December Meetup - "One SSO to rule them" & "Investigating a Data breach event"

Address:
EY office meeting room, Level 14

Agenda

• Food, Drinks & Networking (15 mins) (Don't forget to bring your business card)

• Introduction & Announcement (10 mins)

• One SSO to rule them all: The PS_TOKEN (40mins)

• Break (5 mins) • Investigation on the recent Data Breach event (30 mins)

Abstracts

One SSO to rule them all: The PS_TOKEN by Sayed Hamzah

The PS_TOKEN is the Single Sign-On (SSO) implementation for Oracle Peoplesoft applications, which provide operational support for enterprises such as Human Resource Management and Customer Relationship Management operations. The PS_TOKEN allows users to access multiple Oracle Peoplesoft applications without the need to log in repeatedly.

However. the current design of the PS_TOKEN generation is flawed, allowing any attacker to have the ability to forge the PS_TOKEN and impersonate as any valid user within the Oracle Peoplesoft applications in order to gain access to confidential information without the knowledge of the user's password.

Investigating the recent Data Breach and Exposure by Ildaf

Speakers' Bio

Sayed Hamzah: Currently working as a Security Consultant in Centurion Information Security, Hamzah has a vast amount experience in the areas of penetration testing for mobile/web applications and enterprise network infrastructures.
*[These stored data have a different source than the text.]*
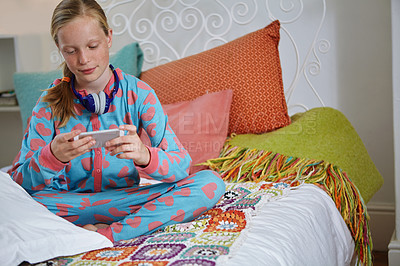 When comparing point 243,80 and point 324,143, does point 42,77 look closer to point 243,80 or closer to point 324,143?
point 243,80

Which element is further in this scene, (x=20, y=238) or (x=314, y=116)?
(x=314, y=116)

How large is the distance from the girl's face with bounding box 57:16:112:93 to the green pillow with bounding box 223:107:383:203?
72 cm

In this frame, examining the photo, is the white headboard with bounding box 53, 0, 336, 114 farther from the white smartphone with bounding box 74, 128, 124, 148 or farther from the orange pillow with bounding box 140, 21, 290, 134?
the white smartphone with bounding box 74, 128, 124, 148

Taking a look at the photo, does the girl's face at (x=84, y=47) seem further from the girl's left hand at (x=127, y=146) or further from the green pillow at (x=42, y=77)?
the green pillow at (x=42, y=77)

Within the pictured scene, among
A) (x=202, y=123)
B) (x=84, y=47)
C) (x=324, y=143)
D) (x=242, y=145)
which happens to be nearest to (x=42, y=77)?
(x=202, y=123)

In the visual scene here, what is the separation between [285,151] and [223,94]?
359mm

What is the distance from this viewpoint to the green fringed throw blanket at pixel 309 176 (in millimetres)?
1561

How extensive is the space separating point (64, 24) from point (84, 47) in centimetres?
7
His skillset is further complimented with his acquisition of Offensive Security certifications (OSCP, OSCE) and CREST Registered Tester (CRT) certifications. In addition, Hamzah has been actively involved in the establishment of the Offensive Cyber Security Club in Nanyang Technological University, providing training for club members who have a keen interest in vulnerability assessment and penetration testing as a career in the future.

Ildaf: A cyber threat intelligence analyst & researcher who dives into the 3 layers of the web and relies mainly on OSINT tools and SOCMINT to conduct research and gather intelligence.